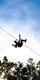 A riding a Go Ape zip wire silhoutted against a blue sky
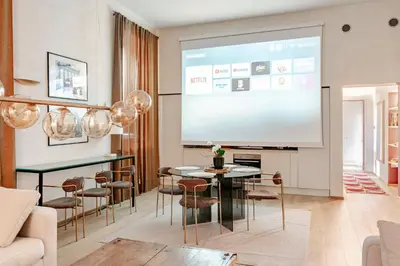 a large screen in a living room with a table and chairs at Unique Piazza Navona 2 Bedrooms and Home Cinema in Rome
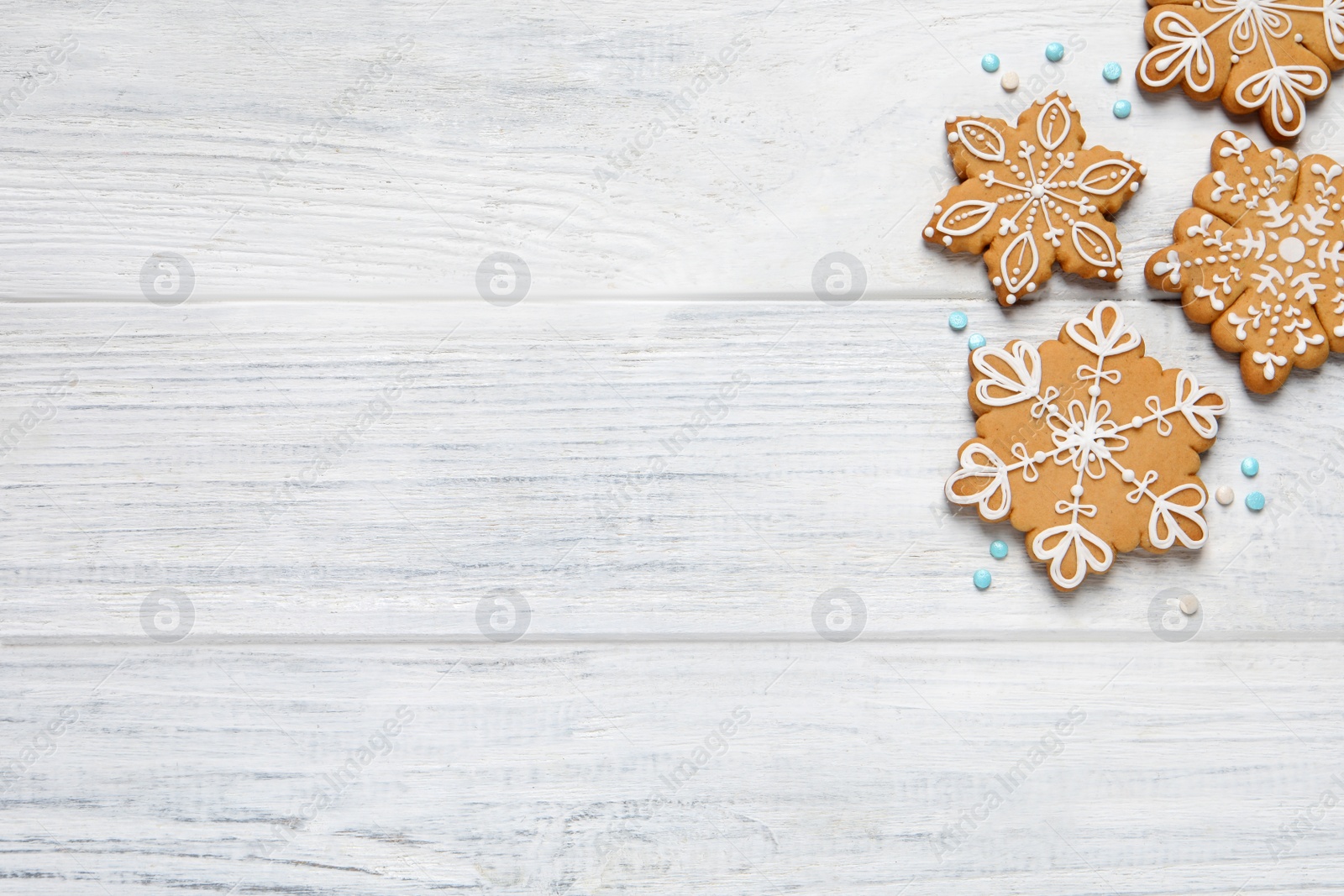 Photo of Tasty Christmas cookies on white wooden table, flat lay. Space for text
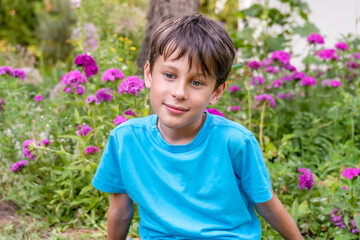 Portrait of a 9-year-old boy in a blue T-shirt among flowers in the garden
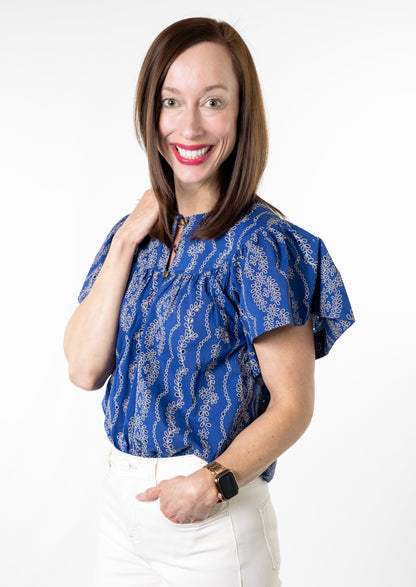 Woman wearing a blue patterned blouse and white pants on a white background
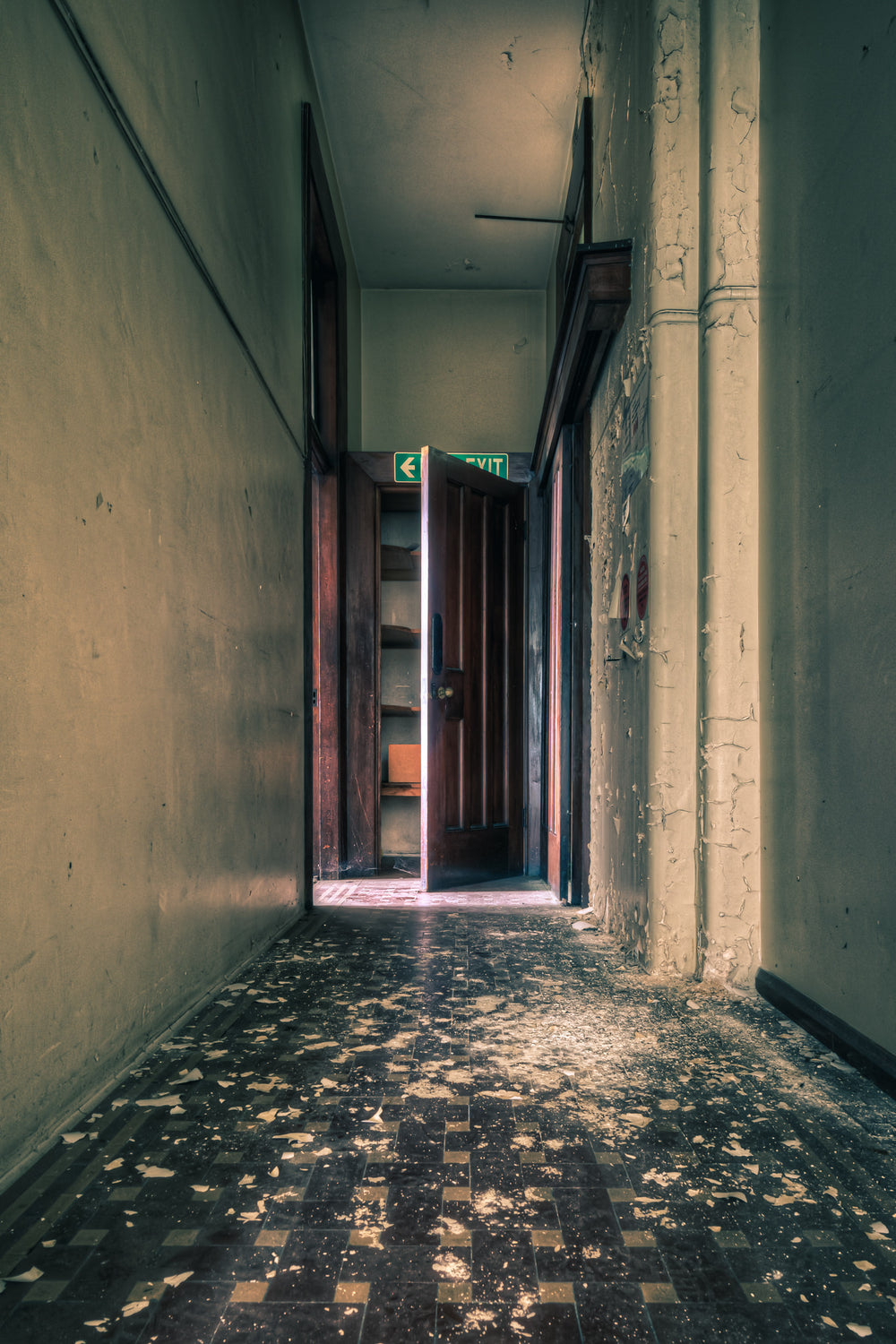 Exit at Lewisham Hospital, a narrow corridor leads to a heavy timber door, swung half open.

+ + + +

→ WORK REQUEST
Starting with the line that holds "Woman wearing a", transcribe exactly each line through the last one of the material above, and nothing else. Do not include pictures.

→ YOUR RESPONSE
 Woman wearing a blue patterned blouse and white pants on a white background
 Exit at Lewisham Hospital, a narrow corridor leads to a heavy timber door, swung half open.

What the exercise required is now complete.